Posted by Bill Bronchick, Esq. on July 20, 2010 at 09:30:38:

LLC will protect you from liability and is worth the $800/year. Consider it extra liability insurance.

Question re: TiC v. LLC for title - Posted by PFischer

Posted by PFischer on July 12, 2010 at 19:00:55:

First, I’ve just now found this board and it seems fantastic.
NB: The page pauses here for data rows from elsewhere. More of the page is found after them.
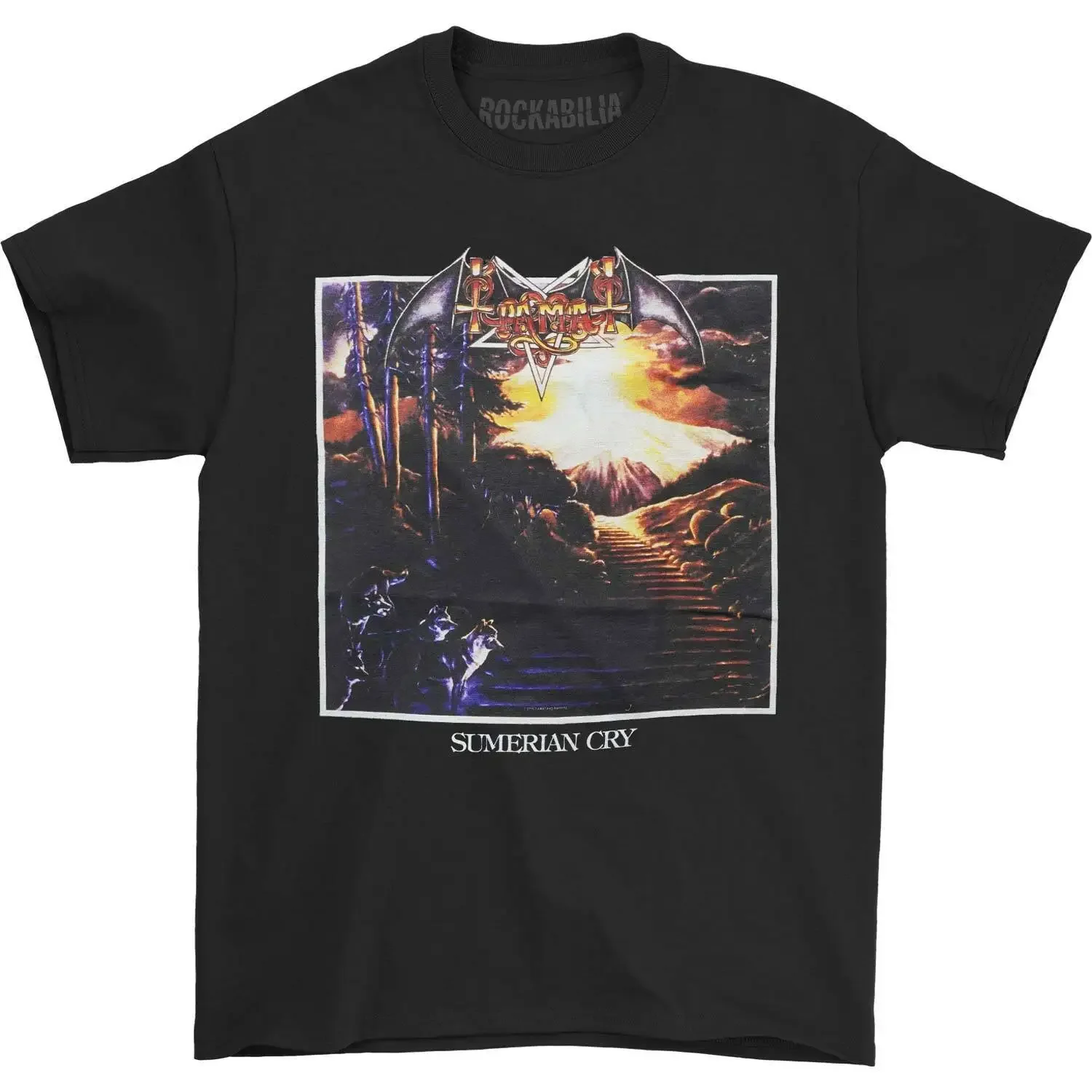 Men'S Tiamat Sumerian Cry T Shirt Small Black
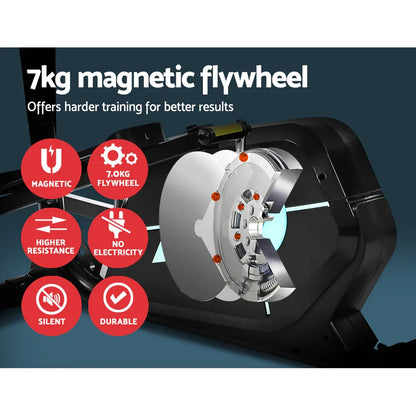 7kg magnetic flywheel for exercise bike, features include higher resistance, silent, durable
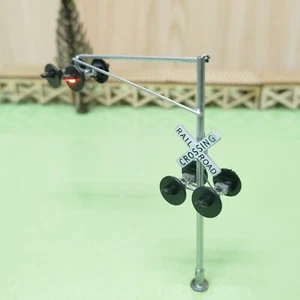 2 x HO scale model railroad cantilever grade crossing signal handing sign #C06 - Picture 1 of 4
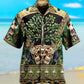 Green Skull Hawaiian Shirt With Detailed Graphic For Island Trips Summer Gatherings And Comfortable Daily Wear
I’ve
searched the
archives for the answer to the following, but found nothing specifically
on
point, but my apologies if this has already been previously asked and
answered.

If I am purchasing a single family home with a partner (another
individual), is
there any reason that it would be better for us to form an LLC (or LP)
and have
that entity hold title to the property rather than take title as tenants in
common with each of us having our own individual LLC (such that the
tenants
in common, rather than being me and him individually would be
“MyLLC” and
“HisLLC”.

The reason I ask is because (i) we don’t want to expend the funds to
form the
LLC (I’m in CA and there are min $800 of franchise taxes), (ii) we don’t
want
the paperwork hassle of reporting on a separate entity, opening
separate
accounts for the LLC, etc., and (iii) each of us wishes to, probably
through our
own individual LLCs do other investing and not then again form another
LLC
for that separate investment.

I understand that the TiC situation alone offers no asset protection, but
if I
have my own LLC (and so does he) and we take title as TiC (and of
course
have a cotenancy agreement setting forth our respective rights and
obligations vis-a-vis each other), is this adequate or is it STILL better
to form
an LLC for this one single family home investment.

Any thoughts would be greatly appreciated.